Wget creates a folder named like 'localhost', if your server is not running on port 80 it will use 'localhost_portNr'.

If you remove pages between different runs of the sitegeneration, be sure to empty the folder 'localhost' before a new generation, so that wget (or what you use) always produces fresh content. Later i found, that it is necessary to delete the folder 'localhost' every time, or wget doesn't convert all the links in the right way, search for 'http://localhost/' in the generated site. I will review this later.

Now your whole site lies fresh generated in folder 'localhost', ready for upload. But all timestamps are from 'now', you have to pick only the changed files to minimize traffic, and also to let the caches out there in the internet do their job.

2. Upload

After i read about sitecopy, i use this nice tool, something like the opposite of wget. You get sitecopy here and - if you are a windows user - need Cygwin.
In the mode we use it, this tool calculates a checksum for all files uploaded to the server. If you refresh your site, it recalculates the checksums of your local files and uploads only the changed ones.

Here is my configuration '.sitecopyrc'. Very important is the line 'state checksum', without it the whole site is uploaded every time, not just the changed files.

site mySite
server myServer
protocol ftp
username me
password dontKnow
local /cygdrive/r/mySite/homepage/mySite_8001
remote /
nodelete
state checksum
permissions ignore

Old synchronisation, handmade

This is the above mentioned synchronisation i used before i knew sitecopy. You don't need it, just documented in case.... If you want to use this, create a third folder.

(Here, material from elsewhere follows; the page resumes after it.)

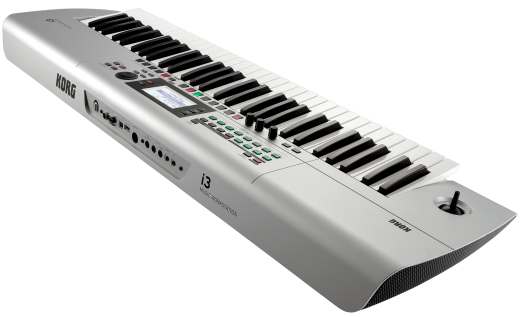 Korg i3 Workstation, Arranger Silver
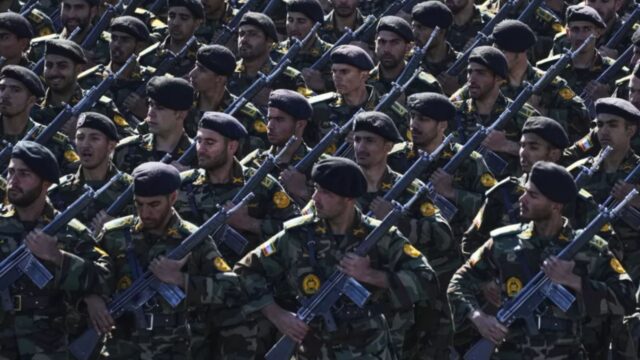 Gobierno de Asfura declara como «organización terrorista» a la Guardia Revolucionaria Iraní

This one will hold the files in exactly the same state (binary contents, timestamp) as they lie around at your hosters place. Let's call it 'destination'

2.a. Pick the changed pages

For this i collect all files from the folder 'localhost' which either

  • doesn't exist in destination
  • differing by at least one byte

and put them into the destination folder.

For this job i use a really bad performing script (it starts lots of sub-processes - needs a rewrite in perl or java). By now it's a bash-script download (windows users want to visit Cygwin). You need bash, find and cmp, so install: base, bash and fileutils.

2.b. Upload by ftp

I use WS_Ftp - update only newer files - and upload the whole folder 'destination'

Other ftp-clients should also be fine. I tried ncftp, which should work nicely by commandline. But didn't get it to work with my provider, it works like a charm with a local ftp-server, so its malfunction may caused by my router/firewall. Give this a try:

ncftpput -u <user> -p <pass> -R -z -y -d log.txt <server> / ./destination/*

Get ncftp from Cygwin or find a native port.

© July 2003 Peter Büttner